• _DATA EXTRACT_:
::::::::::

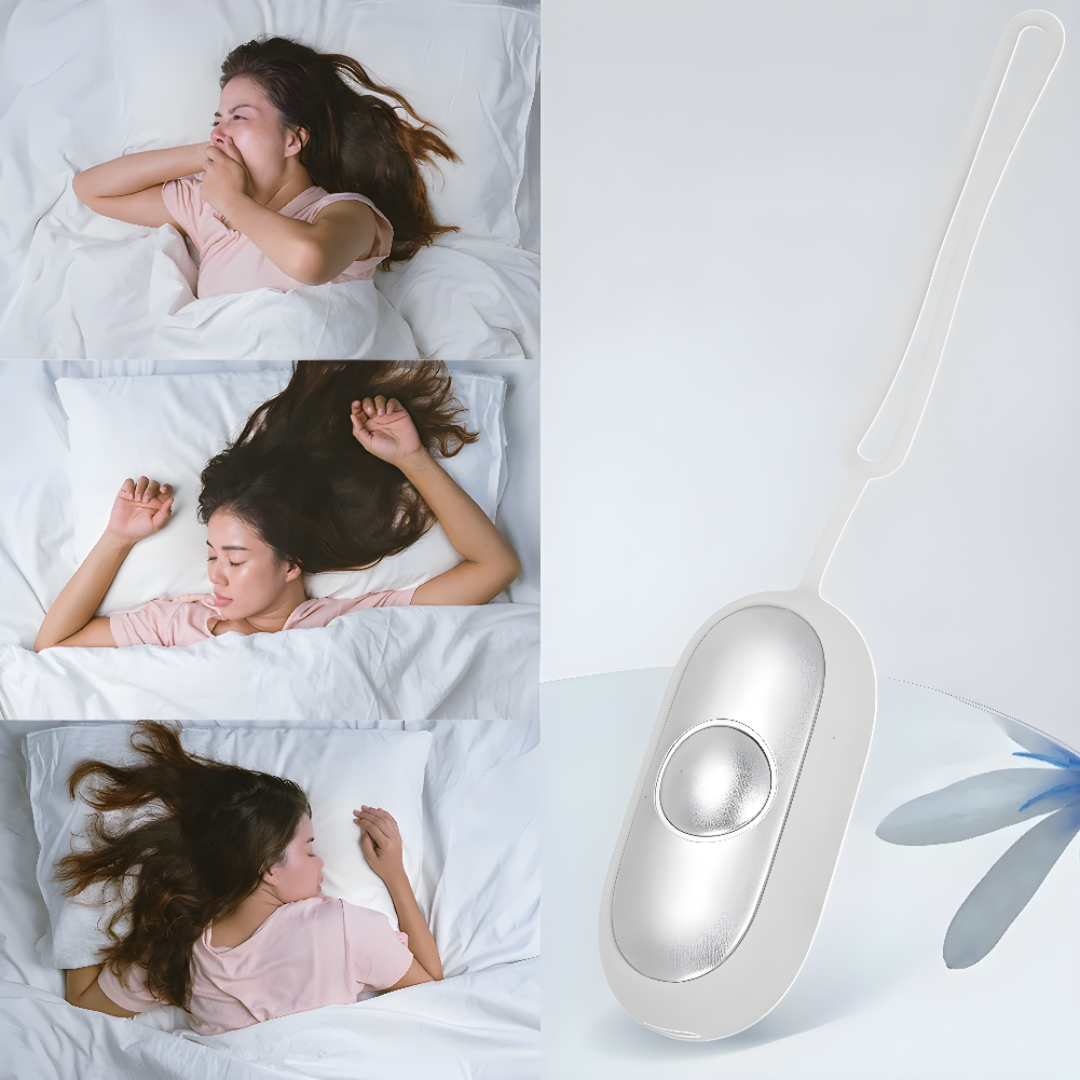 Sleep Aid Device For Anxiety Relief And Better Rest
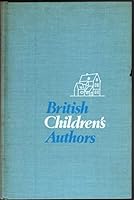British Children's Authors B002DIYHMY Book Cover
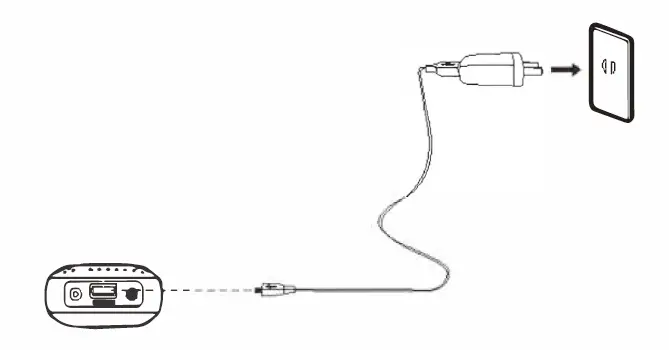 Walkie Talkies TD-M2 Two Way Radio Transmitter 1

::::::::::

An exact copy of all the data above is required; omit any pictures.

• _RESPONSE TO THIS EXERCISE_:
 Sleep Aid Device For Anxiety Relief And Better Rest
British Children's Authors B002DIYHMY Book Cover
 Walkie Talkies TD-M2 Two Way Radio Transmitter 1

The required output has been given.